その記事の内容をよく読んでみると、ある大学教授の説が載っている。この人は、個人的にもよく知っている人であったので、もとの本を読んでみてびっくり。そのインターネットに掲載されているのは、大学教授が、別の人の説を引用してきて「果たして、そうなのであろうか」と検証しようとしているものであった。いわゆる、孫引きの危険性がここにある。インターネットは、記事の正誤までは教えてくれない。数の多さが、正当性を証明しないのが怖いところ。
なかには、水戸光圀は、「生類憐れみの令」に反対するため、牧場を作り、牛肉を食べることを奨励していた、という記事にも出くわした。光圀がこの令に反対したのも、牧場を作ったのも事実であるが、この頃は、徳川幕府も安泰で、御三家といえども、面と向かって反対できるようなことは決してなかった。
では、私自身は、憐れみの令に対して、どう考えるのだと聞かれたら、密かに師と思っている鈴木一夫氏の言葉を引きたい。

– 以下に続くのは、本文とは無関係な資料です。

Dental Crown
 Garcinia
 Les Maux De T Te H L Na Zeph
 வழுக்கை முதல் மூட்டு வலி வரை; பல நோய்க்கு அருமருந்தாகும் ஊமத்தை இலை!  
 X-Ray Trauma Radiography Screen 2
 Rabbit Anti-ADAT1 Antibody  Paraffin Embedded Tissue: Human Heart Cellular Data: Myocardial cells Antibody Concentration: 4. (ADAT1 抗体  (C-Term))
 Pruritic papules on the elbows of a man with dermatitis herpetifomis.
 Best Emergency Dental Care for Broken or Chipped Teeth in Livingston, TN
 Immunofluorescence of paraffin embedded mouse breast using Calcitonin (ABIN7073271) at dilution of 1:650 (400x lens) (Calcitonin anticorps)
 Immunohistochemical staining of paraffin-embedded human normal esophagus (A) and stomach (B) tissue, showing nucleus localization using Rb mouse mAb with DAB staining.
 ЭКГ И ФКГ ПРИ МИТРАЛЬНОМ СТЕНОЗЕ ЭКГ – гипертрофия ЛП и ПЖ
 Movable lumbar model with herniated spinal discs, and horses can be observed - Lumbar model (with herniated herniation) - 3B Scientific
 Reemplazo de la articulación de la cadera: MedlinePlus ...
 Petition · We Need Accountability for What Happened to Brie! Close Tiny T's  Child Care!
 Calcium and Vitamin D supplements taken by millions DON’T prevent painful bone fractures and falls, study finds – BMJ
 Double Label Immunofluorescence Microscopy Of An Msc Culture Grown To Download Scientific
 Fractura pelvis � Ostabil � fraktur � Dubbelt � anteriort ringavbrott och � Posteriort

綱吉の頭のなかには、自然保護の精神や野生動物という存在にたいする感覚や接点などひとかけらもない。御殿のなかで生活するだけで、鷹狩りなどで山野に出かけることを嫌った綱吉には、おそらく自然と接する生活がほとんどなかったはずである。自然にかかわることのない生活感覚をもつ人間から、動物愛護の心やまして自然保護の精神が生まれるはずもないことは、自明のことである。

また、この令を動物愛護に引っ掛けて幕閣の意見を牽制する綱吉の深い意図が隠されている、とした記事にもでくわした。
この記事には以下の一文を引用したい。

数々の法令や、法令違反者にたいする処罰の判例は、けっして整合性のある体系をもつものではなく、いかにも綱吉らしい恣意的な禁令と処罰の羅列にすぎない。

このブログを読んでくださった方が、「やっぱり、生類憐れみの令、ってのは悪法だったんだ」と思ってくれることが、本意ではない。
このブログも含め、インターネットの中には、間違った情報もある、ということを提示したかっただけである。
とはいえ、このブログでは、孫引きはしないことを趣旨としています。